• _MATERIAL TO PROCESS_:
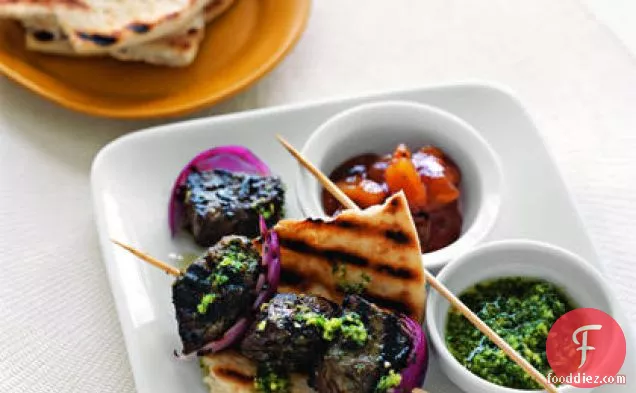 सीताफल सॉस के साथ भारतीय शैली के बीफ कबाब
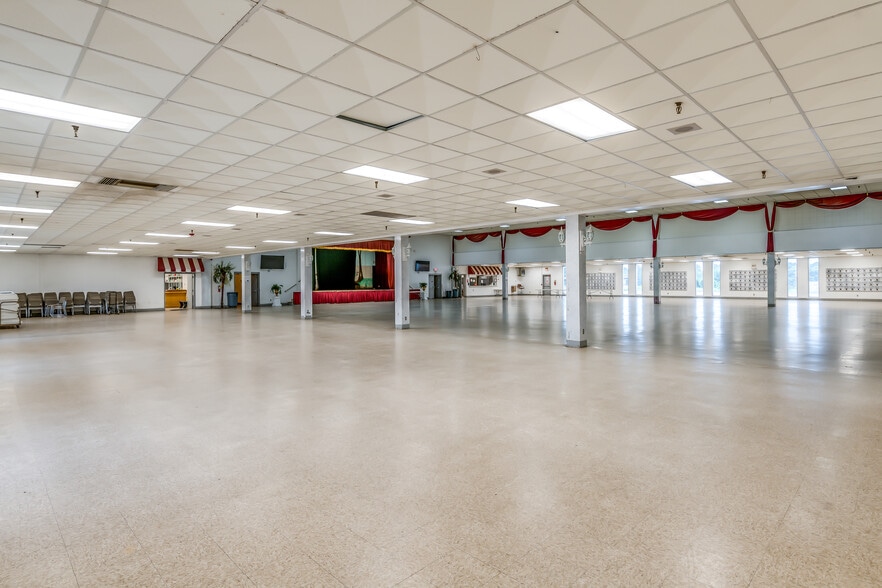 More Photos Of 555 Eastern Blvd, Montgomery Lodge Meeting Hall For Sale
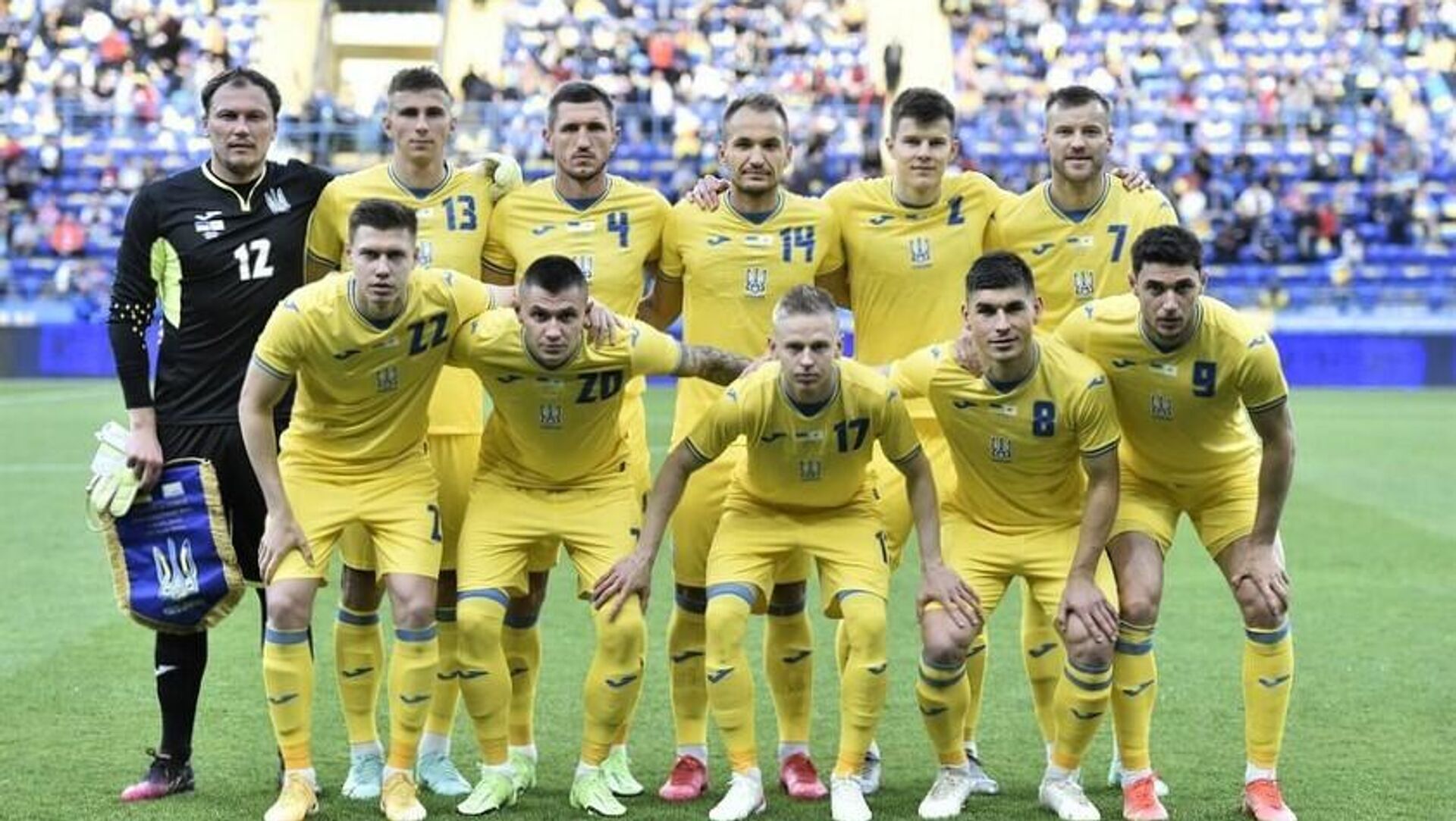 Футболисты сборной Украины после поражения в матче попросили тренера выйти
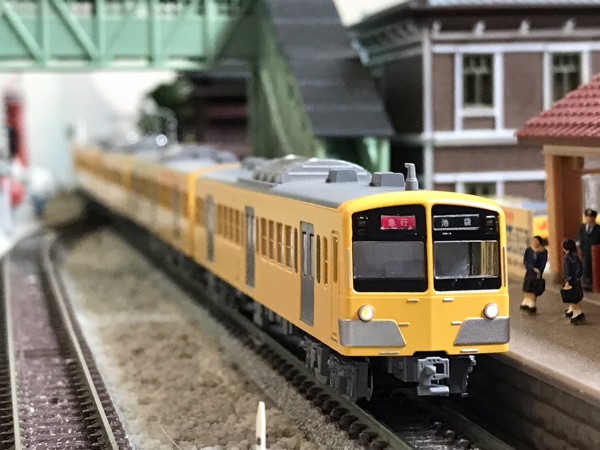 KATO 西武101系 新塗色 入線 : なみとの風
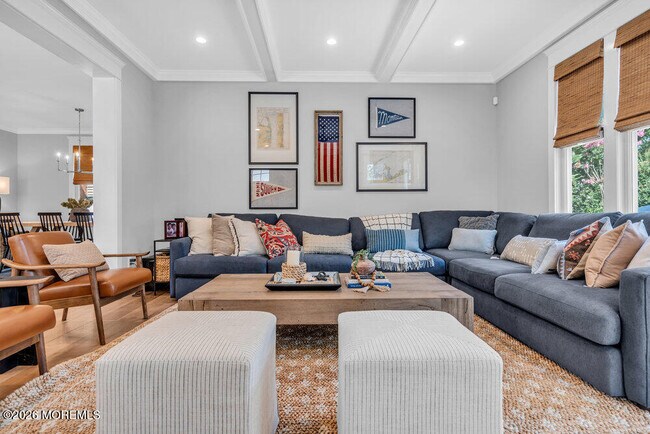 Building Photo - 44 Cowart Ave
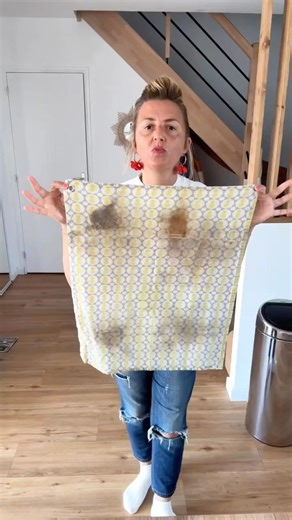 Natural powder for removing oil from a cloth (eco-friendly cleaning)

• _EXERCISE DESCRIPTION_:
Transcribe exactly the lines above, running from the one that contains "Building Photo - 44 Cowart Ave" through the final line of the listing, and skip every picture.

• _EXERCISE ANSWER_:
 Building Photo - 44 Cowart Ave
 Natural powder for removing oil from a cloth (eco-friendly cleaning)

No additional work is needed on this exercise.